(Records excerpted from a collection)
_ _ _ _ _ _ _
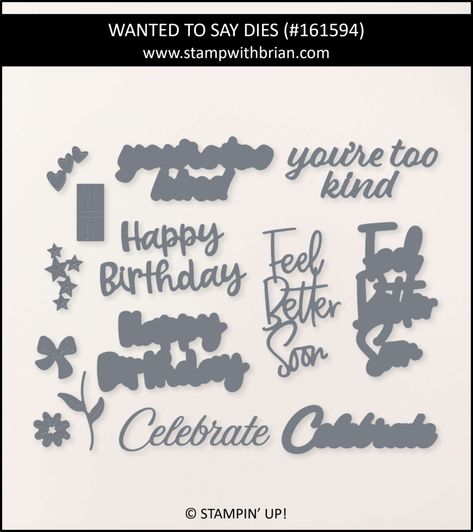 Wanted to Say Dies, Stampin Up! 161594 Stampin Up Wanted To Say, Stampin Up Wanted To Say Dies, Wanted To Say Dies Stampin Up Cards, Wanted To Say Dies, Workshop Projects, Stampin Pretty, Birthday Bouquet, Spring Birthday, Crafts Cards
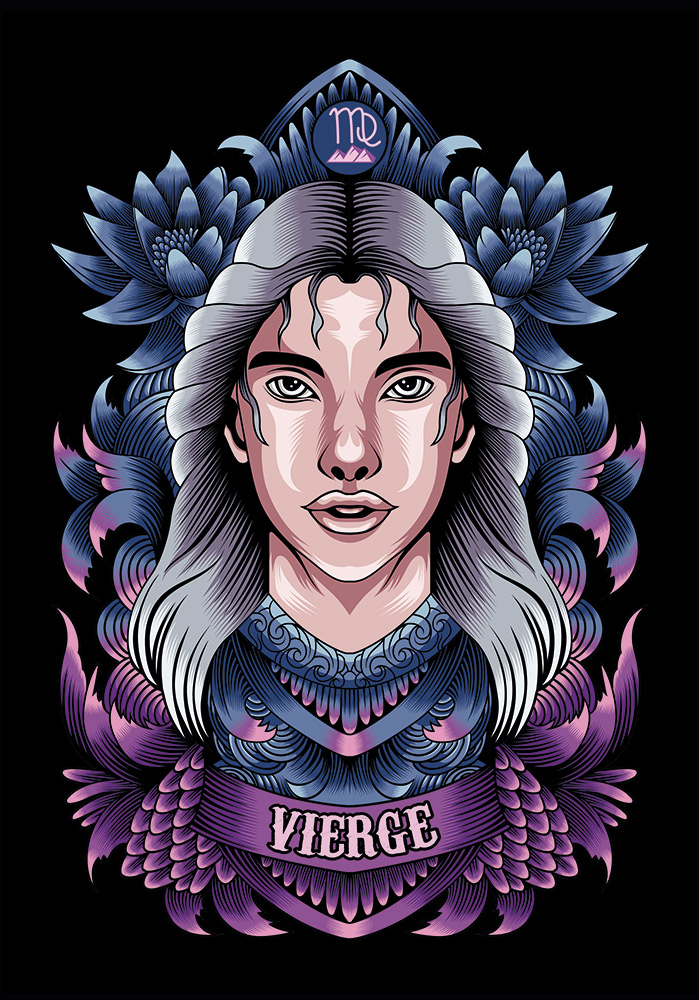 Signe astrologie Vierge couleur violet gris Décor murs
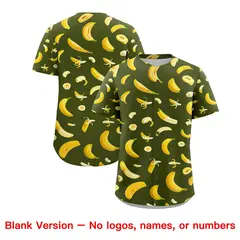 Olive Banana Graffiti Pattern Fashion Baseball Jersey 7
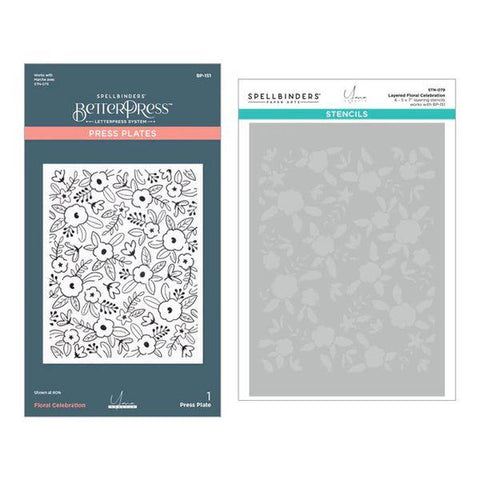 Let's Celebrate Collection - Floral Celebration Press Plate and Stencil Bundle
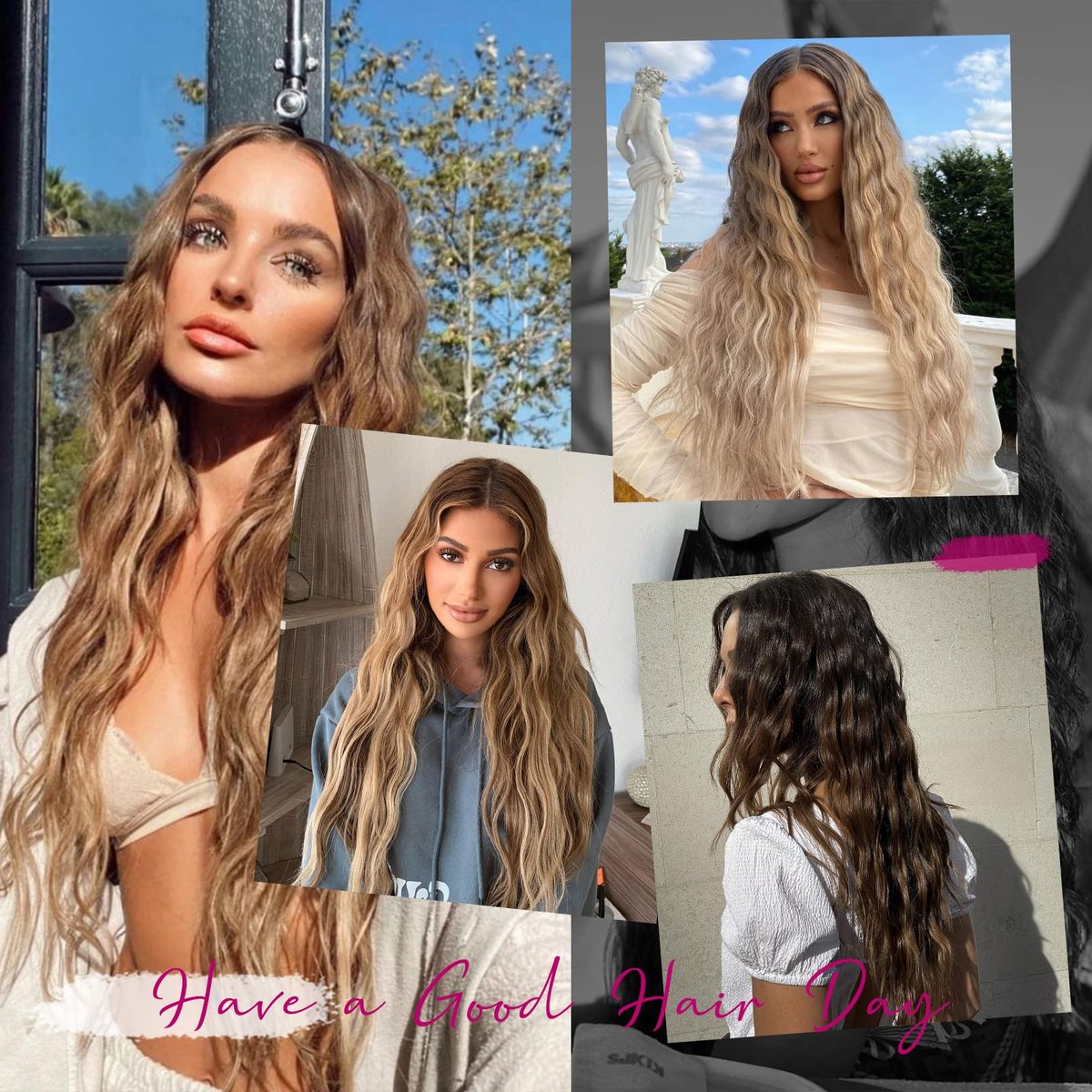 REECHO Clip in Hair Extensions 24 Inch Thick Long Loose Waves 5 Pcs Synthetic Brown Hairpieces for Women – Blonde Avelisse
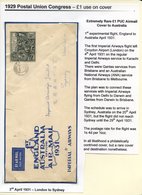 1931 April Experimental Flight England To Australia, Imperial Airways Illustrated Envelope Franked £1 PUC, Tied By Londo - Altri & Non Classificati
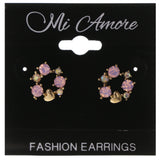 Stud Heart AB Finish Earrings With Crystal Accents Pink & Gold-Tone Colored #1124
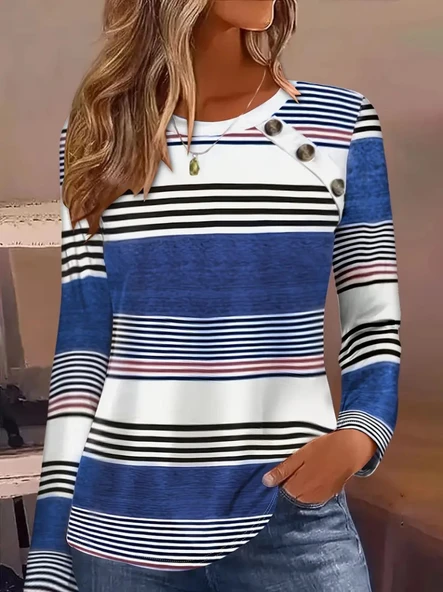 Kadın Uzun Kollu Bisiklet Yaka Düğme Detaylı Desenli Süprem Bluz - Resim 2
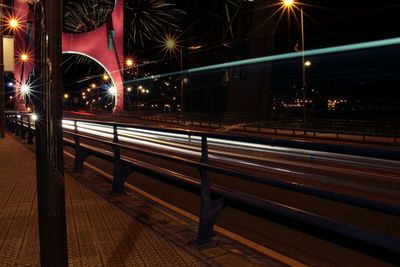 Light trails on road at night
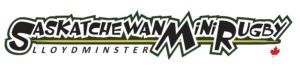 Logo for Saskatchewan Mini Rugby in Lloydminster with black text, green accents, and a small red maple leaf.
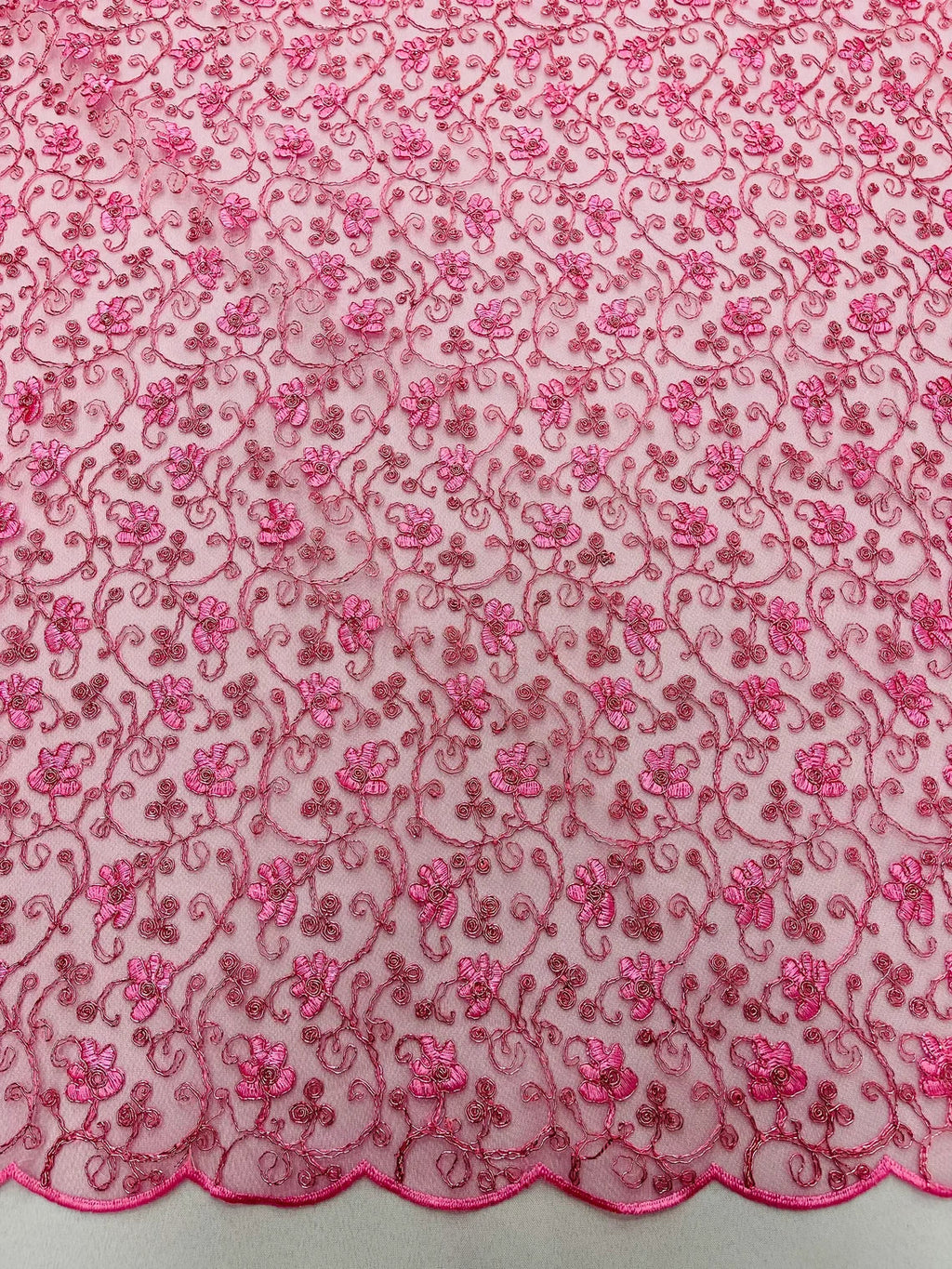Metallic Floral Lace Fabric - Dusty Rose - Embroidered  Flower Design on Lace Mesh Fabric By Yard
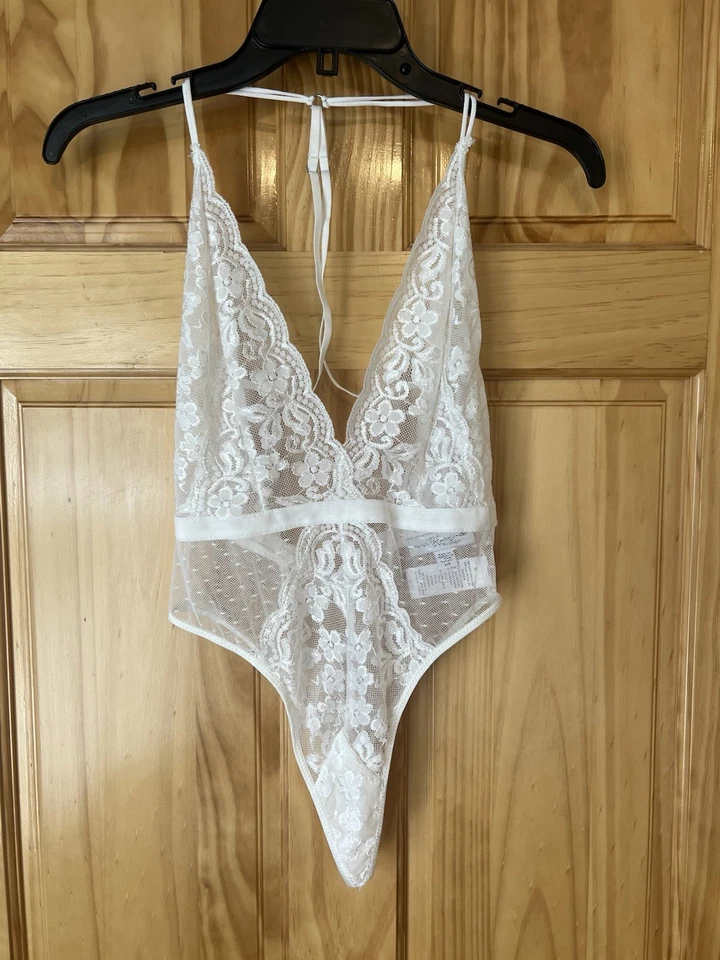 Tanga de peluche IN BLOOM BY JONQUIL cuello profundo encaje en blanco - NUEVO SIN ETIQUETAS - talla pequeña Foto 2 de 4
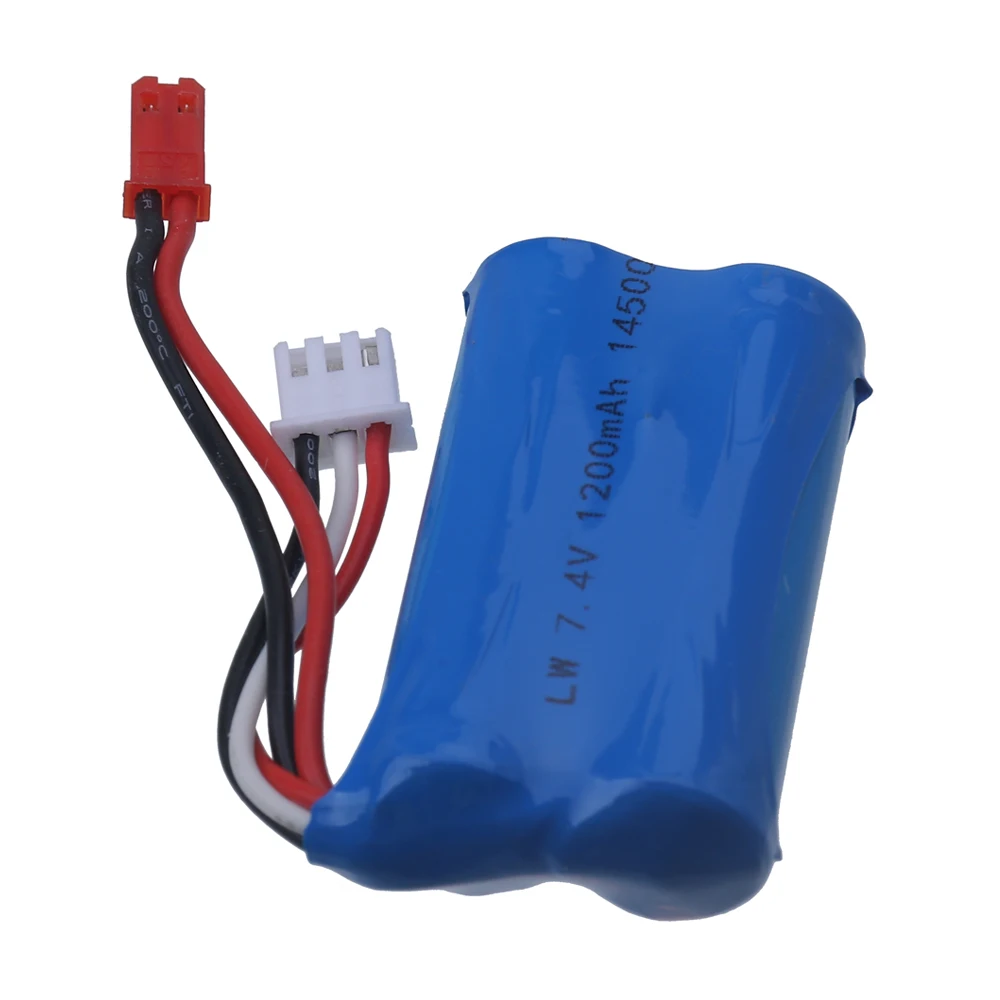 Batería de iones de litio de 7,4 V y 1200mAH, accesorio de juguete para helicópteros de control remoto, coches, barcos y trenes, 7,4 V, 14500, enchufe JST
_ _ _ _ _ _ _
Required action. Because the pictures are not wanted, retype every record exactly without them.

Written answer.
 Wanted to Say Dies, Stampin Up! 161594 Stampin Up Wanted To Say, Stampin Up Wanted To Say Dies, Wanted To Say Dies Stampin Up Cards, Wanted To Say Dies, Workshop Projects, Stampin Pretty, Birthday Bouquet, Spring Birthday, Crafts Cards
 Signe astrologie Vierge couleur violet gris Décor murs
 Olive Banana Graffiti Pattern Fashion Baseball Jersey 7
 Let's Celebrate Collection - Floral Celebration Press Plate and Stencil Bundle
 REECHO Clip in Hair Extensions 24 Inch Thick Long Loose Waves 5 Pcs Synthetic Brown Hairpieces for Women – Blonde Avelisse
 1931 April Experimental Flight England To Australia, Imperial Airways Illustrated Envelope Franked £1 PUC, Tied By Londo - Altri & Non Classificati
 Stud Heart AB Finish Earrings With Crystal Accents Pink & Gold-Tone Colored #1124
 Kadın Uzun Kollu Bisiklet Yaka Düğme Detaylı Desenli Süprem Bluz - Resim 2
 Light trails on road at night
 Logo for Saskatchewan Mini Rugby in Lloydminster with black text, green accents, and a small red maple leaf.
Metallic Floral Lace Fabric - Dusty Rose - Embroidered  Flower Design on Lace Mesh Fabric By Yard
 Tanga de peluche IN BLOOM BY JONQUIL cuello profundo encaje en blanco - NUEVO SIN ETIQUETAS - talla pequeña Foto 2 de 4
 Batería de iones de litio de 7,4 V y 1200mAH, accesorio de juguete para helicópteros de control remoto, coches, barcos y trenes, 7,4 V, 14500, enchufe JST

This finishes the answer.